一方で橘の家に倣っていては異端として見られ続けるだけだ。
ただの使用人ではない、自分の近くに置いて秘書として働かせるか。
しかし、その為にも青年の教育は必要だろう。
「……先は長いだろうが、いずれ俺たちを馬鹿にした奴らに吠え面をかかせてやる」
「本当に藍くんって負けず嫌いだよね。それでそれで? 奴隷さんはどこにいるの?」
「汚くて怪我もしていたから先に風呂だ。
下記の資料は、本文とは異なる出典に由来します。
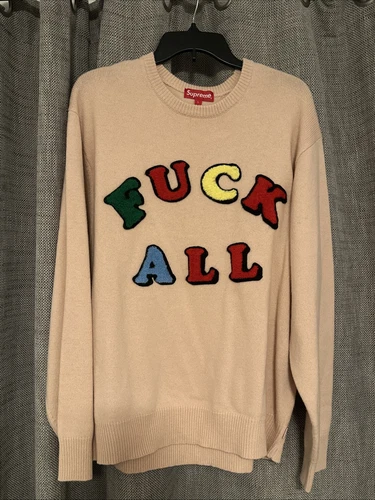 Pull rose Supreme Jamie Reid pour tous. Taille L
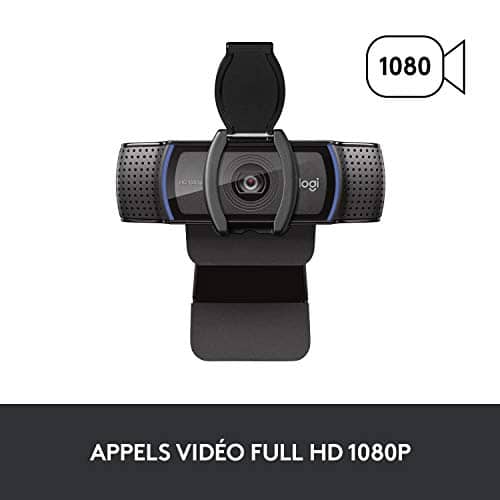 Vue detaillee 2 du produit Webcam Full HD 1080p pour visioconférences Logitech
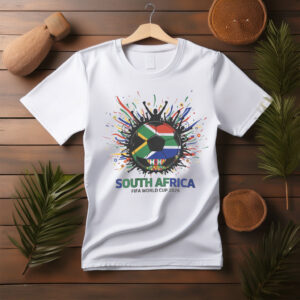 South Africa Flag Soccer Ball T-Shirt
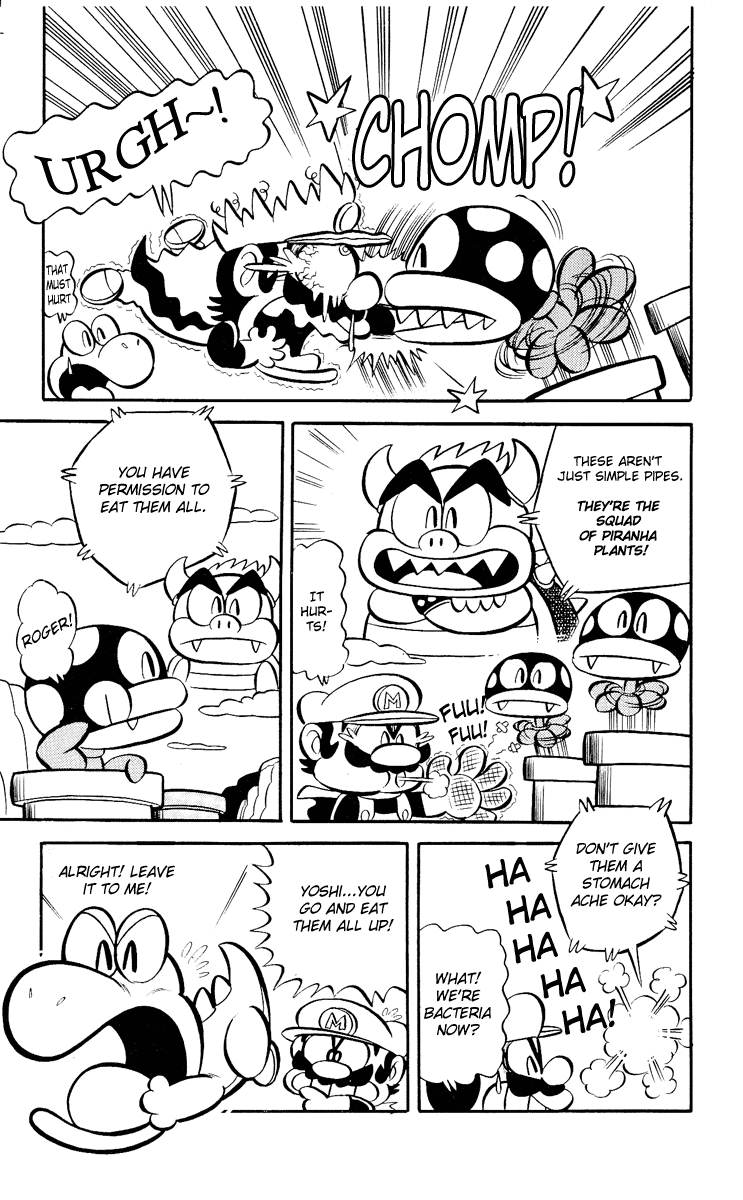Super Mario-kun Chapter 1.2 page 6 - Vol.1 Chapter 2: Boom!! One Shot Kill! A Plan to Join Forces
しばらくしたら部屋に来る」
「へぇー、じゃあ俺も部屋で待っていていい?」
ソファーに飛び乗り、藍の返事を待たずに寛ぐ翠。
自由な弟の行動に慣れている藍は「勝手にしろ」と机を挟んで翠の向かいに座った。
「もう名前は考えたの?」
「……忘れてた」
「えー、じゃあ一緒に考えようよ!」
橘家に来た奴隷は、元の名があったとしても新しい名をつける決まりがあった。
心機一転この家に仕えることを誓う為と、藍の祖父の代から続いているのだそう。
家主がつけることにはなっていたが、青年に関しては藍が責任を持つことになっている。
「一文字ずつ案を出すのはどう?」
「まぁ、助かる」
「じゃあ……思いついたら言い合おうよ」
無邪気に「うーん」と頭を捻る翠。
本当に今年で二十歳になるのかと問いたくなる姿を見ながら、藍は窓の外に目を向けた。
庭一面に広がる景色、もうすぐ春が訪れる雰囲気を感じる。
そこで一つ言葉が思い浮かび、「あ」と声を上げた。
「お? 思いついたね」
前のめりに尋ねてくる翠。
「せーのでいくよ?」なんて言い始め、藍は無言で頷く。
翠が発した言葉の後に続けて、各々に思いついたら言葉を放った。
「春!」
「桃」
見事に声が重なり、やや声量の大きな翠の声に藍の発言は隠れてしまう。
「藍くんなんて言った? 俺はさ、もうすぐだから春がいいなーって」
「……桃」
「あ、藍くん庭見てそう思っただろう? 意外と安直だね、俺ら」
ひひ、と笑顔を向ける翠。
楽しげにパタパタと揺れる足が気になり、藍は眉間に皺を寄せる。
「それなら二人のを合わせて“桃春 ”はどうかな?」
「……まぁ、いいんじゃないか」
何でも、と藍は思わず出かけた言葉を飲み込む。
名前なんてただ個体を識別する為の記号なのだから、と冷めた気持ちで目の前の翠を見た。
「桃春くん、早く来ないかなー」
翠の言葉に応えるように、控えめにノックが響いた。